Proof of expected value of geometric random variable.

## Want to join the conversation?

- Why are there multipliers next to the expected values? EX: P(x=2) * 2(16 votes)
- You may want to check out the video as a warm up: https://www.khanacademy.org/math/ap-statistics/random-variables-ap/modal/v/expected-value-of-a-discrete-random-variable

Each term in E(X) is`P(X = k) * k`

, where`P(X = k)`

is the weight and`k`

is the number of trials for that term.(10 votes)

- My teacher tought us that the expected value of a geometric random variable is q/p (where q = 1 - p). I found both formulas on the internet. Which one is the correct one?(1 vote)
- It depends on how you've set up the geometric random variable. Here, Sal is setting X to be the number of trials you need before you get a successful outcome.

Your teacher, on the other hand, set X to be the number of failures before the first successful outcome.(16 votes)

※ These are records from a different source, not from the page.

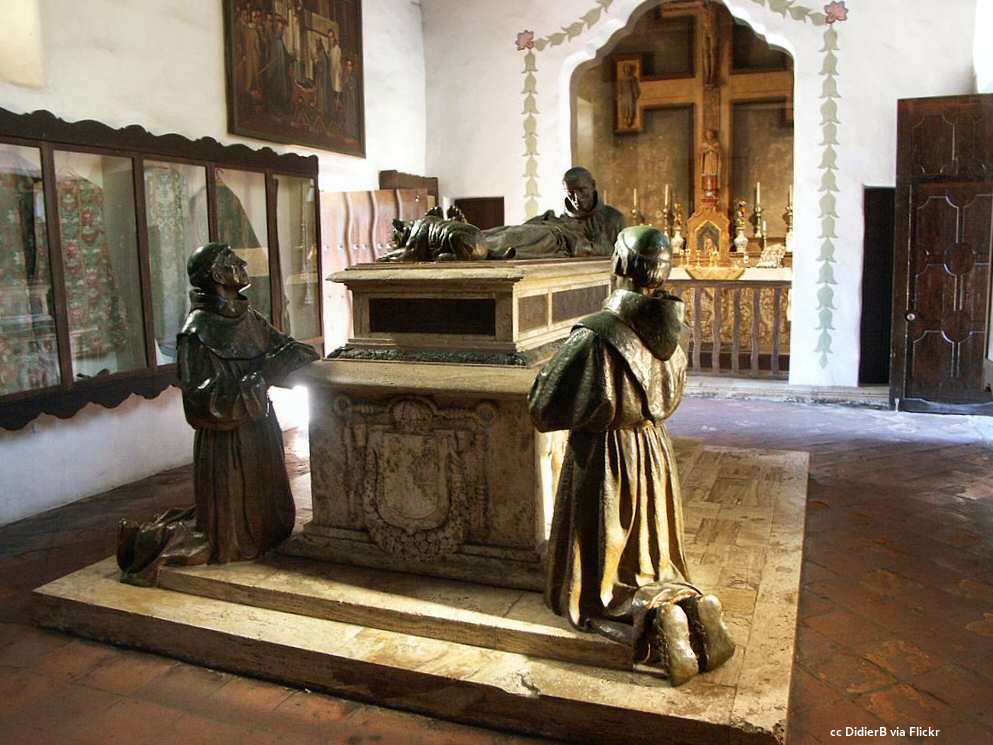 The cenotaph or empty tomb of Junipero Serra at Mission Carmel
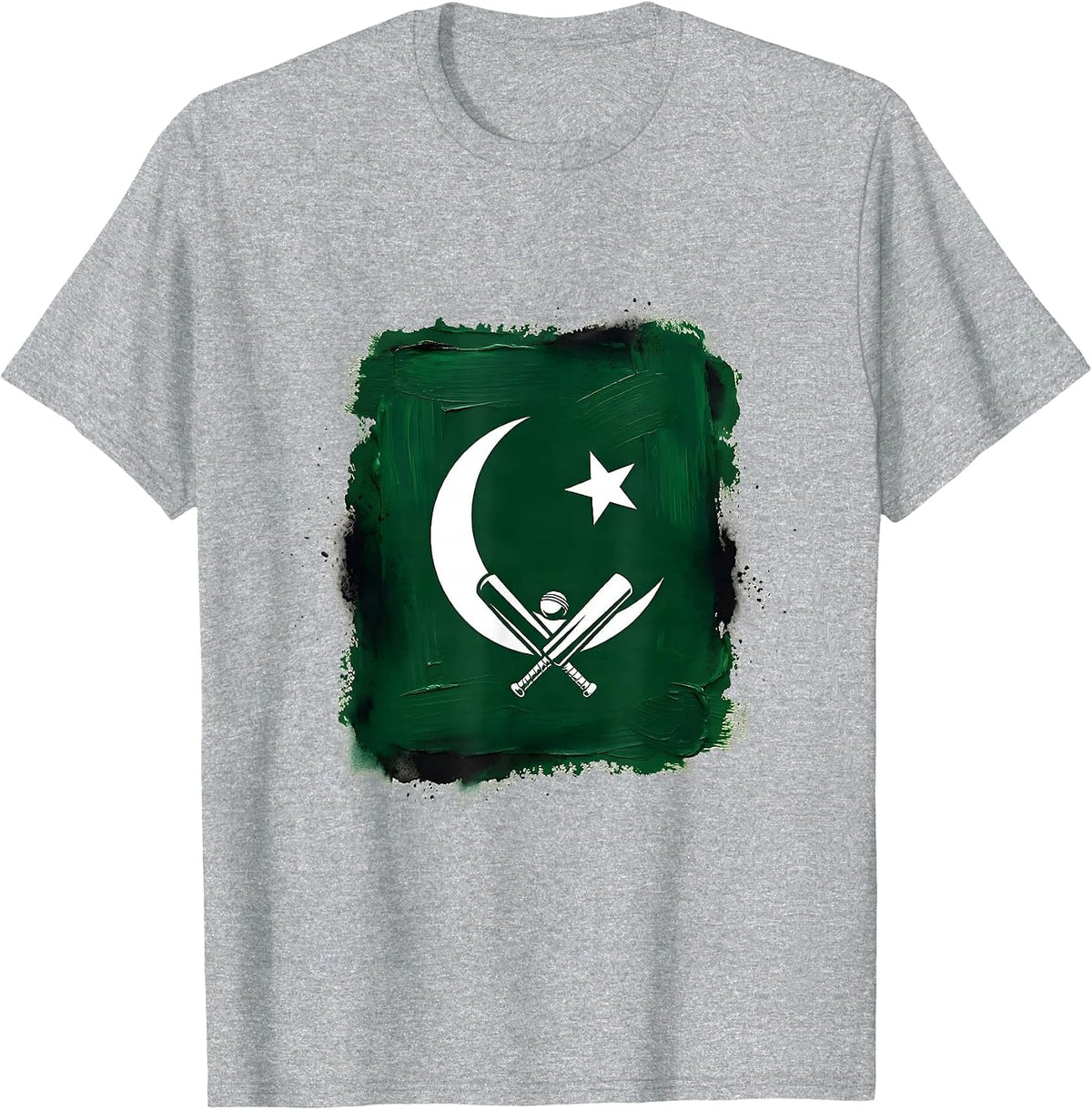 Men's Pakistan Green Flag Cricket Heritage Pride T-Shirt - Heather Grey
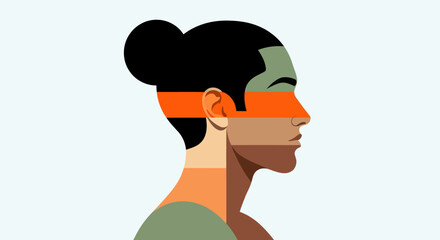 Profile portrait with colorful abstract layers © Surya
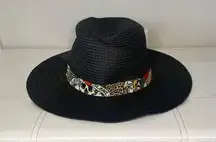 Ed Hardy Love Kills Slowly Tattoo Skull Black Straw Style Beach Hat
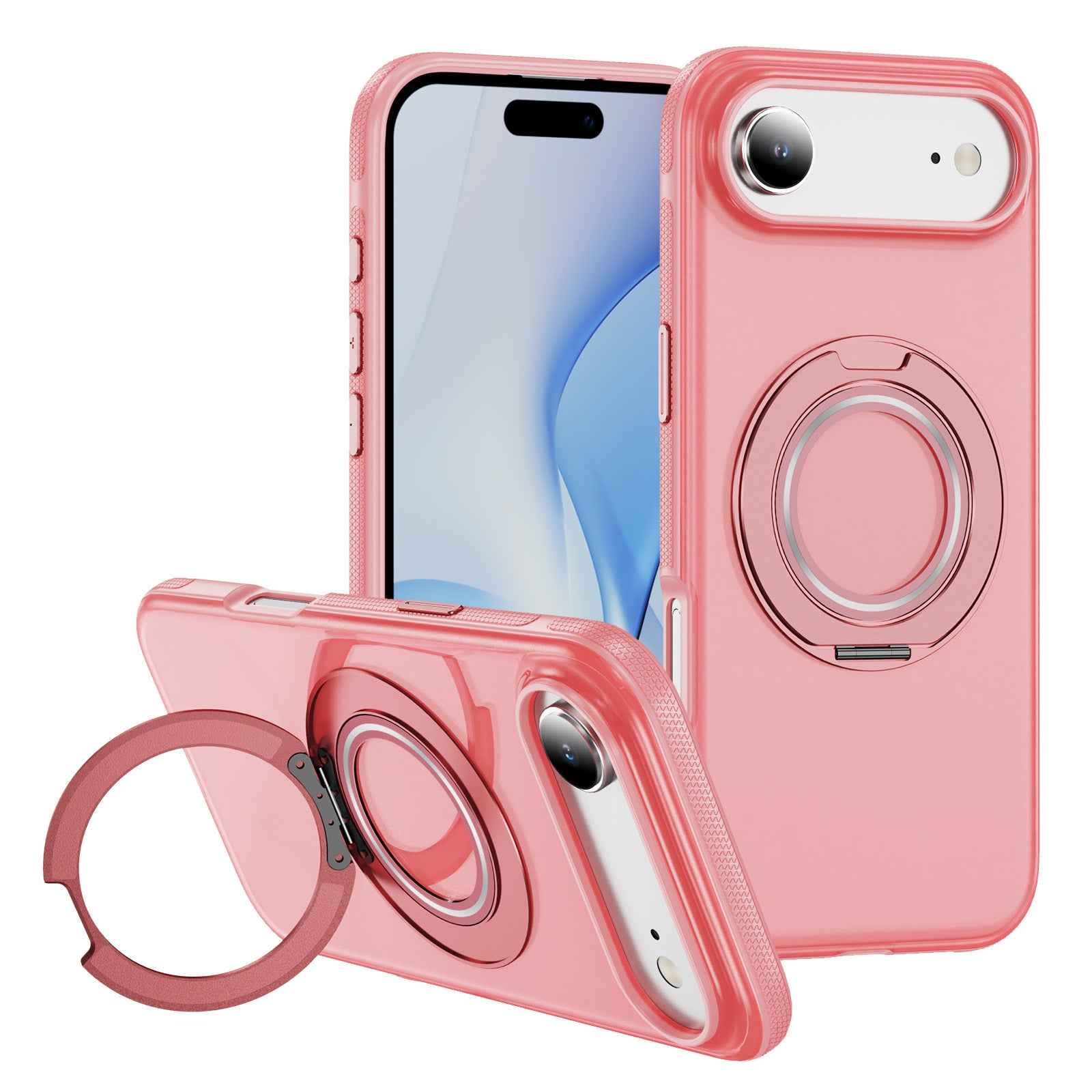 iPhone 17 Rotating Stand Phone Case Pink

- When Sal said that E(x) = 1/1-(1-p), I understand how you can get the denominator using the finite geometric series proof he showed on a previous video, but how do you get the one on the numerator? I get 1-(1-p)^n / 1-(1-p).(7 votes)
- Not 1 actually.

The sum of an infinite geometric series is a/1-r ; where a is the first term and r is the common ratio.

Here, "a" happened to be 1 co-incidentally.(4 votes)

- How do you interpret the expected value in this context?(3 votes)
- In this context, X is the number of trials it takes until you get your first success. Therefore, E(X) is the average number of trials it takes to get your first success. With this in mind, it makes intuitively sense that E(X) = 1/p.(5 votes)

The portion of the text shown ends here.